Сразу же после завтрака Андрей залез на топленую печь и тотчас заснул. Прасковья вымыла посуду и засобиралась на двор. Степан увязался за матерью. Помочь ей хотелось, а потом и поговорить как-то особенно. Третий день у родителей, а того задушевного слова так и не сказали они друг другу. Все дай да принеси, спасибо да пожалуйста… Противно даже!

7.

По широкой ограде бродили и кудахтали ошалевшие от тепла куры, долбили оттаивающую землю, косили круглые глаза на темные от навоза лужицы. Желто-огненный петух горделивым хозяйским взглядом присматривал за наседками, тряс своим тяжелым алым гребнем и кричал славу щедрому весеннему солнцу.

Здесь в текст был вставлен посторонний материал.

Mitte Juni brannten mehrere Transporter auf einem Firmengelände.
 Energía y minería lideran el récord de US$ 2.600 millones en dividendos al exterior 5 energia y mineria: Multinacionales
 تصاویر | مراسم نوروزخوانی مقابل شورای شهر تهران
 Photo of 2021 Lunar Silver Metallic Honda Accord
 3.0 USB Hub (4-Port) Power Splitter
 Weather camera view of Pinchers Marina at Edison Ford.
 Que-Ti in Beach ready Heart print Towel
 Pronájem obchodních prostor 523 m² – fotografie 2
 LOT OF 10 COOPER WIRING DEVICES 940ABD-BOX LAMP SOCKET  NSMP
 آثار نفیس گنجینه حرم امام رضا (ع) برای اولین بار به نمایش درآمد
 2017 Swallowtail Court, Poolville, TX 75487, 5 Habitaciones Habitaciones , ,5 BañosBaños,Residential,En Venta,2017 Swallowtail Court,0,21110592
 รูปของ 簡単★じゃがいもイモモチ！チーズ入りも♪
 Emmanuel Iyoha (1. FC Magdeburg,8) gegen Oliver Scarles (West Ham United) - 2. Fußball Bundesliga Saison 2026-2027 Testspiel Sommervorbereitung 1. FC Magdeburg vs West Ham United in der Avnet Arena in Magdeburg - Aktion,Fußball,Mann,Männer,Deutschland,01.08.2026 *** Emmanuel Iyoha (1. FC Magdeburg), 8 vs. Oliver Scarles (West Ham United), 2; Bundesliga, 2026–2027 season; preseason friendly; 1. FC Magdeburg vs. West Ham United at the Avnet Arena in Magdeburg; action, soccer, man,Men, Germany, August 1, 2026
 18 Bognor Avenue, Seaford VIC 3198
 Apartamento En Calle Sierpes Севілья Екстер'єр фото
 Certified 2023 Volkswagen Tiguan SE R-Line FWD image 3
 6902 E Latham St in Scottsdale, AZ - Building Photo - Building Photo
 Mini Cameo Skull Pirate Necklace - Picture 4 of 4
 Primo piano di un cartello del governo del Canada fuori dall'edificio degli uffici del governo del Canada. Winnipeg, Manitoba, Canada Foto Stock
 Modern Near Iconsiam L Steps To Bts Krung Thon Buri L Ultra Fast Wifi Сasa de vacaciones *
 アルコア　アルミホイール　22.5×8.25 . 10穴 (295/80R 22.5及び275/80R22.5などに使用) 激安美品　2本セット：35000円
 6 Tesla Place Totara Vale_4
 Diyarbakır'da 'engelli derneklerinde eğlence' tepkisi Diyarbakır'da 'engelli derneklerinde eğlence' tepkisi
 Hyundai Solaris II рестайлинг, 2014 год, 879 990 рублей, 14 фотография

В деннике на сенной обьяди дурашливо метался на толстых детских ножках белолобый теленок, вскидывал легкий хвост с пушистой метелкой и тоже вымыкивал солнцу свою легкую телячью радость. Полная корова с довольной ленцой посматривала на своего прыткого сына, не замечая, кажется, того, что из ее широкой спины драли слабую весеннюю шерсть нахальные воробьи.

Степана растрогала старая Ластовка — опять узнала, тихо и радостно заржала в теплом полумраке конюшни. Он заглянул в большие влажные глаза лошади и, взволнованный ее стойкой памятью, на полнился давней ребячьей нежностью — ах ты, коняшка, коняшка… И тотчас вспомнились давние сенокосы, те жаркие летние дни, когда комарья и всякого другого гнуса полным-полно в тайге. Отвезут они копну к начатому стогу и тут, бывало, Ластовка сунется шершавыми губами в слабое мальчишеское плечо Степана — сгони, сгони ты моих мучителей! Он хватает горсть сухого жесткого сена и давит, давит серые треугольнички кусучих слепней и паутов, лошадь передернется потной нервной кожей и не заржет — нет, а издаст какой-то тихий нутряной звук, только некий подступ к ржанью, благодарно посмотрит на молодого хозяина и, наконец, вздохнет облегченно: спасибо, мол, Степушка…

Степан зашел и в денник к корове, и до нее дотронулся с лаской. Зорька повернула тяжелую голову, радостно засопела, когда ее погладила хозяйская рука. Самое бы время начесать сейчас коровьей шерсти-линьки да скатать с мылом тот мячик. А потом в лапту — поляна за оградой совсем просохла. Помнится, по теплу, когда он из райцентра попадал домой — играли с матерью в лапту. Забудется она, раскраснеется и носится быстрой девчонкой за мячиком… Да и в бабки играла ловко. Р-раз битком и нет «коровок» полкона… Конечно, тогда Степану больше хотелось играть с отцом, да тот чаще отмахивался, ссылался на дела, а то на бражонку или на самогоночку нажимал в первомайский праздник. А уж как Половников являлся — вовсе не подступись к родителю.

Они скоро вдвоем управились: почистили во дворах, скидали навоз в кучу, напоили скот и вот теперь сидели возле колодца на широкой лавочке для постава ведер.

Степан опять пригляделся к матери, сочувственно пожалел: постарела-таки заметно. Да и отец не помолодел, хотя ходит по-прежнему шумный, какой-то взрывной.

— Делов-то у тебя… И по дому, и подвору. Где так стукнулась?

— Заметный синяк?

— Но. Фонарем уж светит…

Прасковья грубыми морщинистыми пальцами коснулась подглазья и вздохнула.

— Да не стукнулась я. Батя руку приложил.

— Он что, сдурел?!

— А то ты, сынок, не знаешь отцова характера…

Степан осторожно прижался к плечу матери, а потом также осторожно смахнул с ее фуфайки сенную труху. И Прасковья, растроганная этим порывом, этим участием взрослого сына, увлажнила глаза слезами. Она заторопилась, вдруг испугалась, как бы Степан не встал, не ушел… Много лет ждала женщина повзросления своего единственного, ждала вот этой минуты, этой их интимности, что распахнула бы сердца, дала возможность высказать все наболевшее. Самое время открыться!

— Степа, стань я говорить… Да мое и на подводу не складешь. Спрашиваешь, как живем. На погляд — справно живем, дом-то полной чашей. Война войной, а мы голоду не знаем.

Степан тоскливо курил.

— Я, мама, и до фронта многое видел, чувствовал. Как-то нескладно у нас!